Although Trump’s administration could make aspects of the ACA difficult for those trying to enroll, experts believe a full legislative repeal, requiring 60 Senate votes, on day one or even in the first 100 days, is unlikely. Moreover, without a proper replacement plan in place, a repeal or substantial reconciliation bill will certainly be met with outrage from both the public and health advocacy organizations.
Guard against cyberattacks
Trump says he will establish a cyber-review team made up of members of the military, law-enforcement agencies and private sector.
He wants to audit the security of the federal government’s computer systems and strengthen the hacking division of the US military.
Trump also wants to “develop the offensive cyber capabilities we need to deter attacks by both state and non-state actors and, if necessary, to respond appropriately.”
The US government is credited with having some of the most dangerous hacking tools on the planet.
During the final weeks of his campaign, Trump outlined big plans for his first week in office when it came to immigration.
Trump told his supporters that his plan “ends illegal immigration and suspends immigration from terror problem regions.” He also said that he would “stop illegal immigration [and] deport all criminal aliens.”
In his latest video speech, Trump says he will “investigate all abuses of visa programmes that undercut the American worker.” However, he didn’t mention the stand-out campaign promise to build a wall along the US border with Mexico.
In October, Trump said he would call for a two-year mandatory minimum federal prison sentence for those who illegally re-enter the US. He also suggested a five-year minimum sentence for those with prior felony convictions, multiple misdemeanors or two or more previous deportations.
At the moment, there is no mandatory minimum but undocumented immigrants who seek to re-enter the US can face up to two years in prison. Those with felonies face up to 10 years behind bars.
5. Enact lobbying bans
Rounding out his vision for his first 100 days in office, Trump further said he would formulate a rule to eliminate old regulations when new ones are made; impose a five-year ban on executive officials becoming lobbyists and a lifetime ban on them lobbying on behalf of foreign governments; and direct the Department of Labor to investigate abuses of visa programmes that undercut American workers.
Trump’s promise to “drain the swamp,” has focused his ire on lobbyists. The promise goes back to Mr Trump’s goal of making sure that people aren’t using the government to enrich themselves and using their service in government to do that. During his interview on “60 Minutes,” Trump conceded that his transition team was littered with DC insiders.

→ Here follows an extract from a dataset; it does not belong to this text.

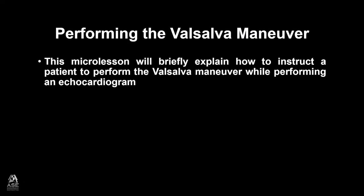Performing the Valsalva Maneuver. This micro lesson will briefly explain how to instruct a patient to perform the Valsalva Maneuver while performing an echocardiogram.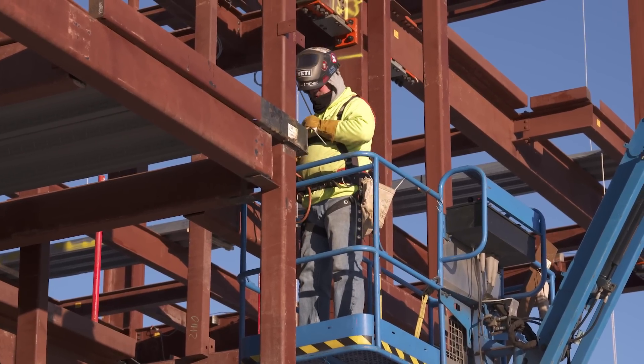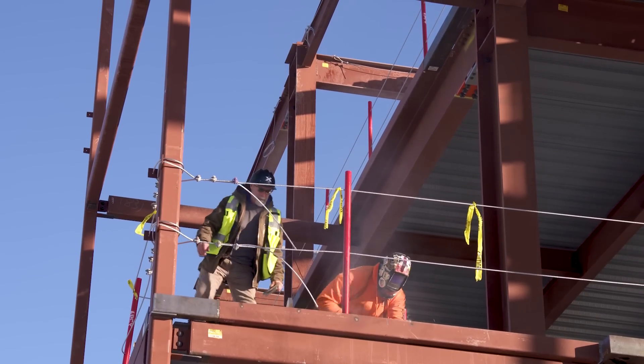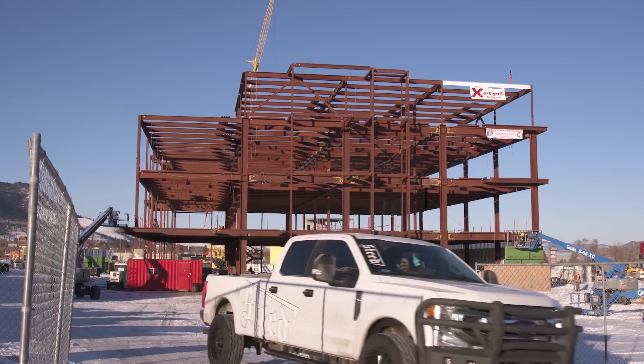Normally you have to deal with a fabricator quite a bit on some problems, but with the Yield Link it eliminated a substantial amount of that. When it comes to erecting in cold weather, I'd much rather use the Yield Link versus welding.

“Everybody’s a lobbyist down there,” he said.
The transition process has been bumpy, but for Donald Trump this is the easy part. In a few days from now, the moment will come for him actually to govern. What could possibly go wrong? Plenty. Trump’s plan explains the U-turns he has been signalling on a raft of pledges that were at the core of his campaign for US President, from pretending that climate change is a hoax to his appetite for sending Ms Clinton to jail for her email violations. Those who supported him will relish the impression of action. But many, especially the more ardent among conservatives, will question what is missing.